In Louisiana — after the grandfather clause, poll taxes, and other methods of disenfranchisement were implemented — the Black male voter population dropped from about 100,000 to 1,000, according to the Equal Justice Initiative. Similar steps were then taken in Alabama, Mississippi, South Carolina, and Virginia.
But those problems seemed to have little impact on turnout. While Election Day ballots are still being counted, early voter numbers far exceeded those of the previous midterm cycle in 2018. As of Nov. 7, more than 40 million early voters had been counted this year, surpassing the 11 million early voters in 2018. In five states, more than 1 million early voters were counted, and four of those — Florida, Georgia, North Carolina, and Texas — are Republican-led states where new barriers to voting have been enacted.
On the whole, problems with ballot access were isolated. In Georgia, Gabriel Sterling, chief operating officer for the secretary of state’s office, called Election Day “wonderfully, stupendously boring.”
Even in the midst of an uncharacteristic rainstorm in South Central Los Angeles, Black voters braved the elements to cast their ballots — in some cases for one of the record number of Black candidates on this year’s ballots. Though Los Angeles is a Democratic stronghold, voter Raymond Jones, 48, said casting his ballot in this year’s election seemed especially important. The city could elect its first woman and second Black person as mayor: Karen Bass, a U.S. representative and Los Angeles native.
“This city is changing quickly,” Jones said. “We need someone who is from the neighborhood and understands its issues.”
Broken machines and voter harassment
Still, problems erupted in some counties where eleventh-hour changes to election processes created disputes and confusion.
In Florida on Tuesday, Republican Gov. Ron DeSantis refused to allow federal election monitors inside polling stations, a regular practice by the Justice Department’s Civil Rights Division since enactment of the Voting Rights Act of 1965. The department deployed monitors to 64 jurisdictions in 24 states to ensure polling stations were in compliance with federal law.
In a letter to federal officials, DeSantis’ general counsel wrote that the state would send its own monitors to the polling stations in Miami-Dade, Broward, and Palm Beach counties — where the Black population ranges between 17% to 30%, according to Census figures. A Justice Department spokesperson told Capital B that DOJ election monitors remained outside the polling stations.

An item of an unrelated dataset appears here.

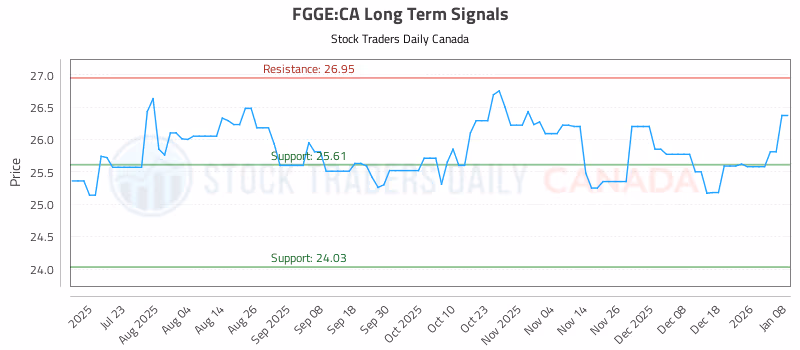 Stock Chart for FGGE:CA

DeSantis’ interference came months after he announced the arrests of 20 formerly incarcerated people, mostly Black, who had cast ballots in the 2020 election, on allegations of voter fraud.

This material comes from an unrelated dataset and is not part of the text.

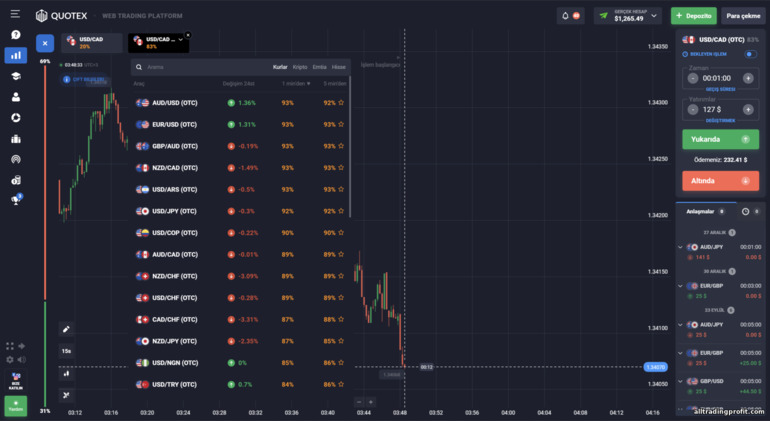 Quotex broker platformunda varlık ticareti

In Beaumont, Texas, a majority Black port city that borders Louisiana, Black voters reported being harassed and intimidated during the state’s early voting period. A suit brought by the town’s NAACP chapter alleges that poll workers were aggressive toward Black voters and asked them to recite their addresses out loud, even after they were verified.

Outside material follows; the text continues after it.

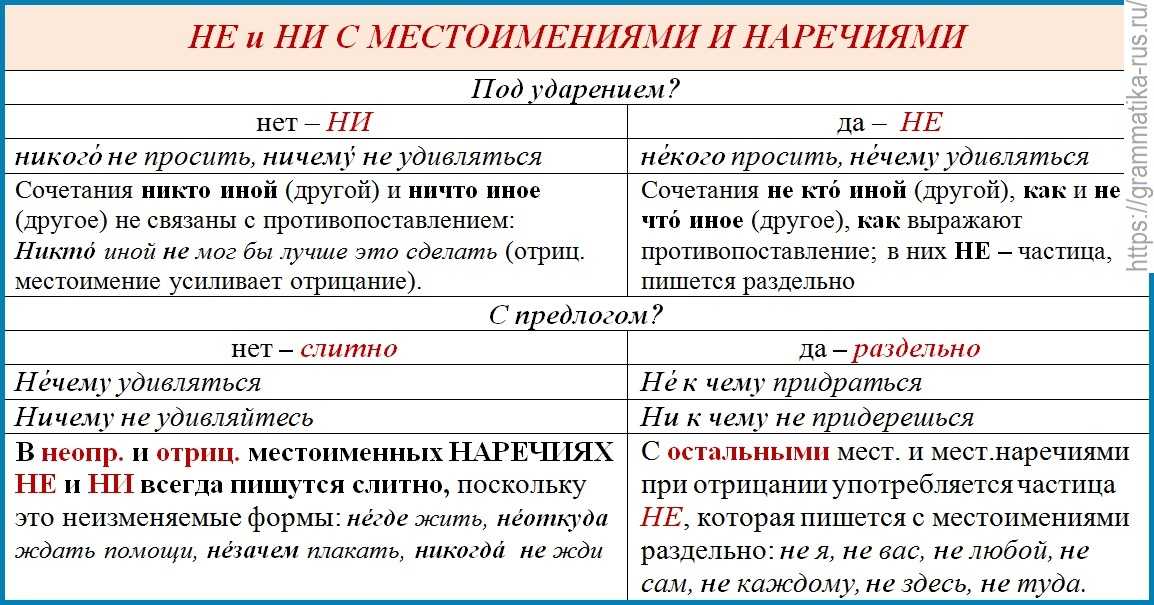 Значение слова ухо. толкование, определение слова ухо: что это такое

Ahead of Election Day, a federal district judge ruled that election workers in Jefferson County, where Beaumont is located, were barred from scrutinizing the identities of Black voters.
And in Maricopa County, Arizona, one-fifth of the region’s voting machines were not working for much of the day. Voters were allowed to leave their ballots to be entered into the machines once they were operating again, or they were told to return hours later to cast their ballots themselves.
While the issues were spread evenly throughout the area, in South Phoenix — the county’s Black Belt — some voters said that they did not want to risk losing their right to vote.
“They said that we can slide it in the machine, but I don’t want to risk it,” Josh Erb, a South Phoenix voter, told the Arizona Republic. “If it’s not working, I’m not going to place my vote.”